We found much valuable experience in multidisciplinary chronic pain and other somatization management programs,33,35,36,42–47 and in consultation-liaison psychiatry efforts with difficult, high-utilizing patients.24,48–51 All employed CBT.44,45,52–54 Many have shown that CBT interventions delivered in specialty care settings have improved short-term outcomes in MUS patients.46,47 Kroenke and Swindell provide a nice review of CBT in MUS, including its effectiveness in just 5 to 6 sessions.55
However, health care systems have not incorporated these models in routine care, because of cost and because MUS patients often refuse to seek services outside of the primary care setting.56–59 Some report as few as 10% completing referral60; in contrast, 81% of MUS patients were willing to have psychosocial treatment in primary care by their physician.61 For those who agree to referral, treatment for MUS has not proven effective over the long-term,56–59 largely because of the time-limited exposure to MUS patients, in the range of once weekly for 8 to 10 weeks (e.g., counseling, pain clinic). Although there are occasional reports of effects lasting upwards of 1 year and 1 report of incomplete improvement over 5 years,62 most MUS patients revert to their baseline state upon discontinuing specialty care.63
We concluded that CBT was potentially useful in primary care and we configured its basic skills for use by primary care personnel. While we eschewed the more complex, specific techniques that might require special training, such as desensitization and immersion therapy, we included active cognitive reorientation at many visits based upon an understanding of the patient's explanatory model,64 often facilitated by using symptom diaries.65 Further, behavioral approaches based upon operant mechanisms52 were employed65 (e.g., regular visits and medication schedules independent of symptoms). We also were guided by an earlier RCT, in which we showed that the CBT model presented later was easily learned and effectively deployed by primary care residents, and that it had an impact on MUS patients.66 Although data were lacking, we further concluded that deploying cognitive behavioral treatment over longer periods of time merited exploration.

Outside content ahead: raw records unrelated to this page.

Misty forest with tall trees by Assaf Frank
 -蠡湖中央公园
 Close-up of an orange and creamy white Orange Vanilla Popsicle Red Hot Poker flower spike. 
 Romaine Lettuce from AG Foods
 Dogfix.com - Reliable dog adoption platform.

The difficulty physicians experience in treating depression led experts to recommend a multidimensional approach, as used often in pain clinics, rather than focusing on physician education.49 Collaborative care leads to interactions among various parts of complex health problems and, continuing to involve the physician, multiple other domains are integrated with medical care, e.g., social services, physical therapy, pain clinic, specialty medical referral, psychological referral.67–69 These activities typically are not coordinated by the physician but, rather, by a case manager.70,71 Moreover, following stepped-care principles, these services are used only as needed on an individualized basis.67,72 In our view, collaborative, stepped-care approaches appeared promising for meeting the mental health needs of other primary care patients with mental health problems like MUS.67,72
We adapted these principles for use in primary care by primary care personnel. Rather than initially delegating the key coordinating role to someone other than the primary provider, however, we believed that primary care providers could not only handle the coordinating role but also could themselves conduct some of the work rather than triage it.70 Depending upon their skills and interests, physicians, physician assistants (PAs), and nurse practitioners (NPs) could conduct first-line treatment in the following areas: social worker, physical/occupational therapist, exercise/relaxation instructor, and diet counselor, as well as conducting the intervention (to be described). We believed this approach would be less costly, more efficient, and more effective, in addition to greatly enhancing the provider-patient relationship (PPR) by actively involving the provider in most dimensions of care. Providers would need to recognize failures in each area and, at that point, to make appropriate referrals. We anticipated also that referral could occur with successes, such as the patient who improves (gains insight) and wishes formal counseling. Certain problems also would initially be outside the provider's capability and necessitate referral: psychological/psychiatric treatment, osteopathic manipulative therapy, and specialty medical treatment. In addition, whereas PAs or NPs are primarily responsible for treatment, the usual care physician would remain actively involved in a collaborative way as a back-up and informal consultant for ongoing issues, thus remaining integral to treatment.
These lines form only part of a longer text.